─── Data records

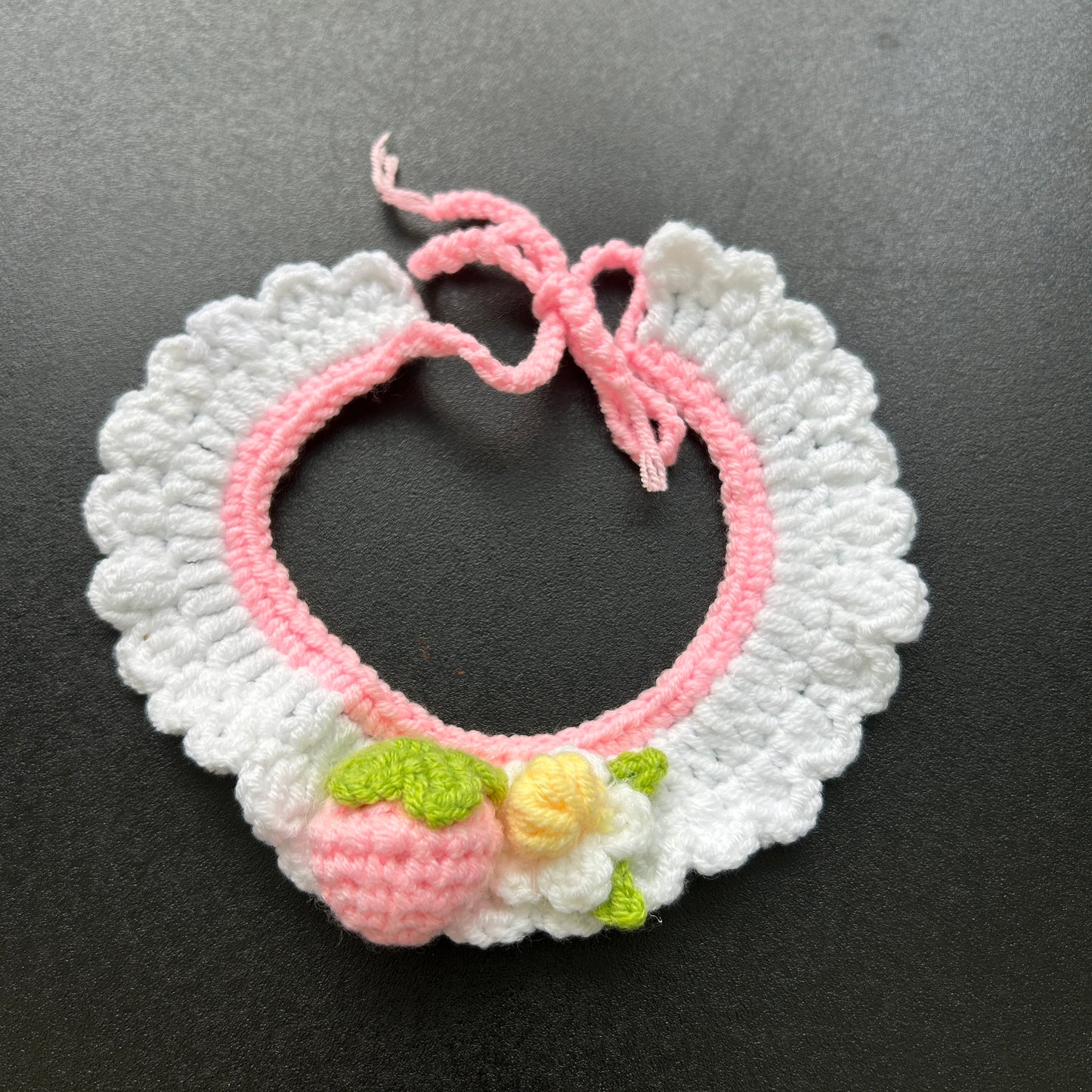 Handmade Pet Collar – Pawric Charity Edition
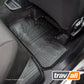 LAND ROVER FREELANDER 2 2006-2014 Rubber Car Mats Set (4 Mats)
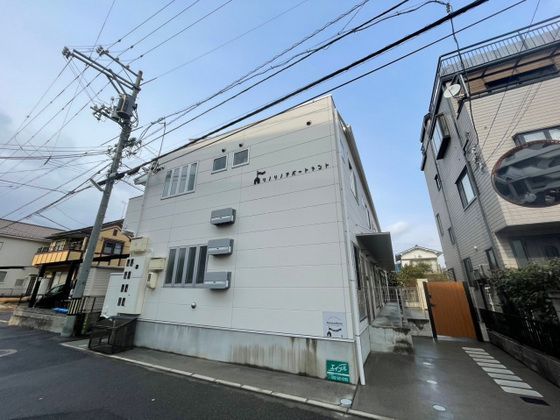 リノリノアパートメント五日市コイン通りの外観画像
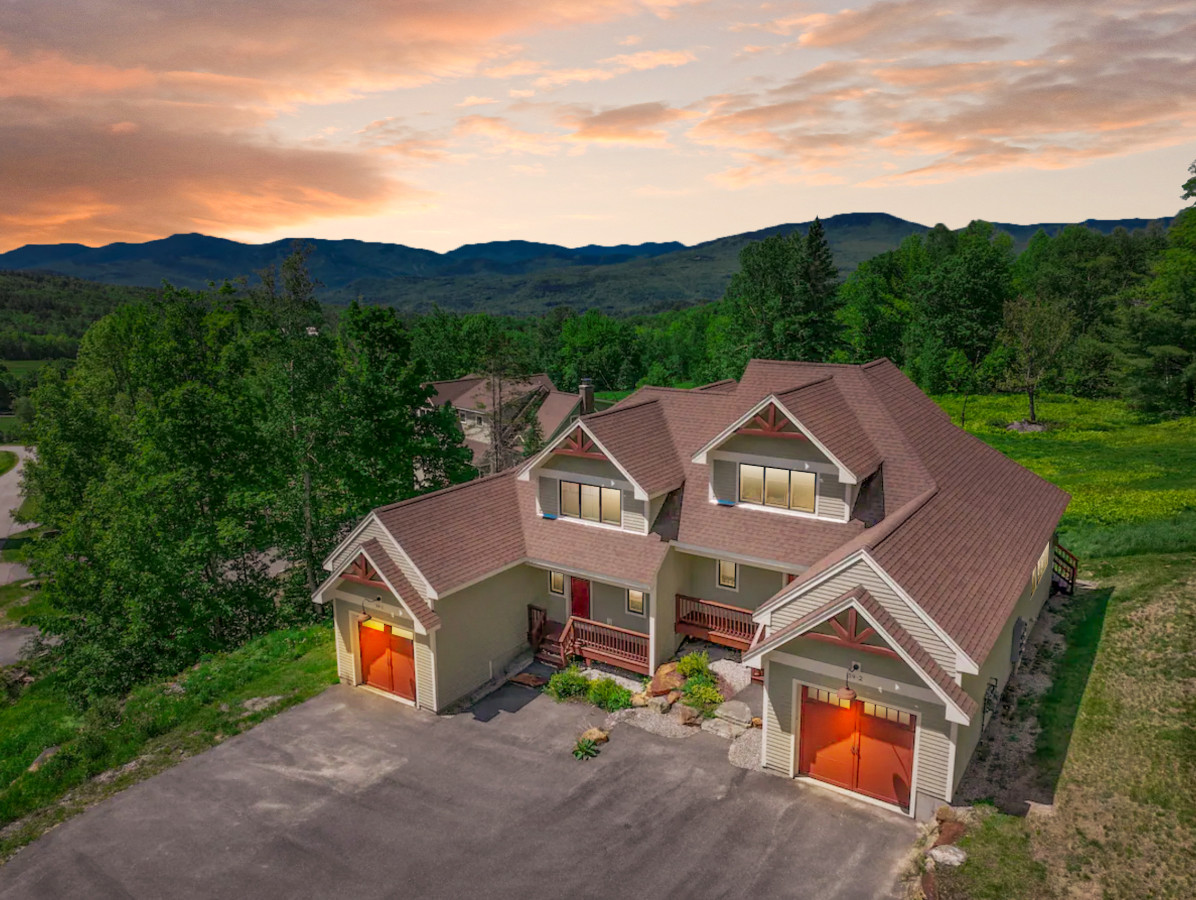 Mountain Views And Hot Tub - Spacious Luxury Escape - Jackson, NH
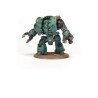Leviathan Siege Dreadnought with Claw & Drill Weapons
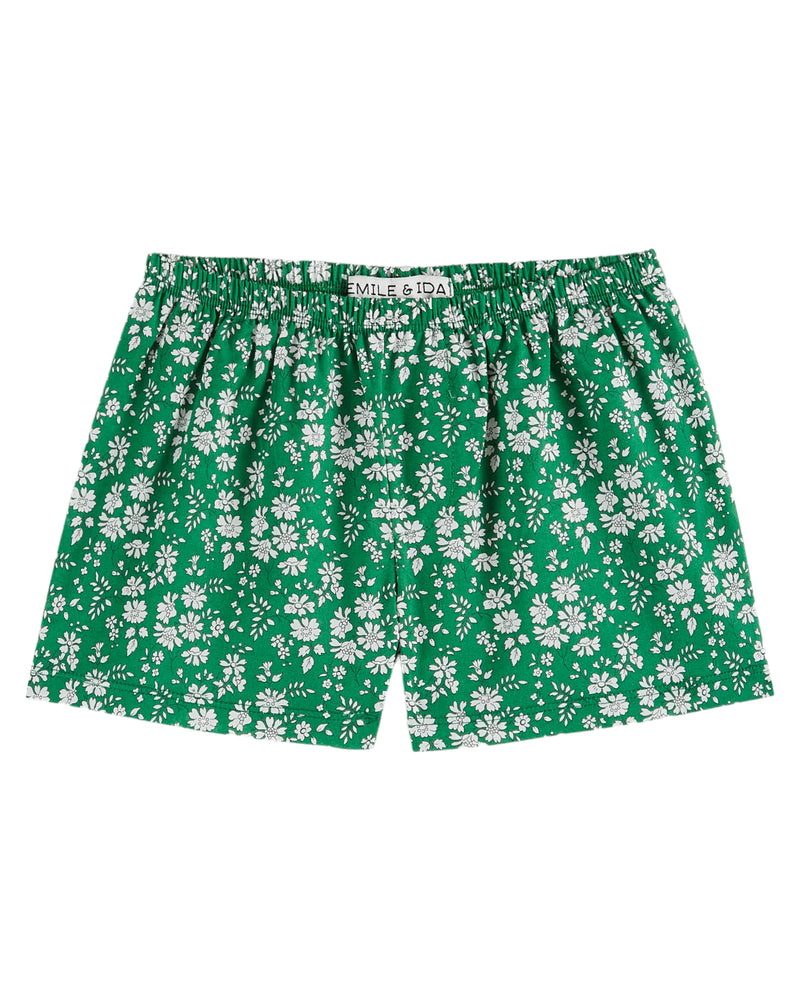 LIBERTY SHORTS - CAPEL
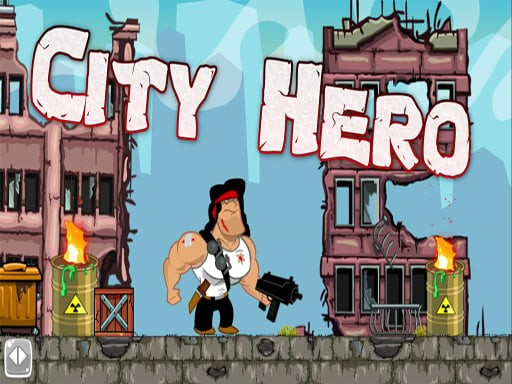 Games like City Hero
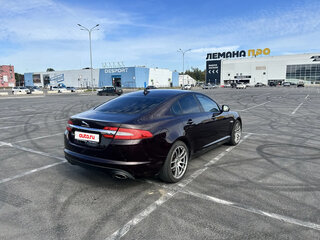 2014 Jaguar XF I Рестайлинг, коричневый, 1400000 рублей, вид 4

──────

*Assigned task:*
Everything from the line with "Leviathan Siege Dreadnought" through the final line of the material is to be returned exactly, both ends included, apart from the pictures.

*Solution to the exercise:*
Leviathan Siege Dreadnought with Claw & Drill Weapons
 LIBERTY SHORTS - CAPEL
 Games like City Hero
 2014 Jaguar XF I Рестайлинг, коричневый, 1400000 рублей, вид 4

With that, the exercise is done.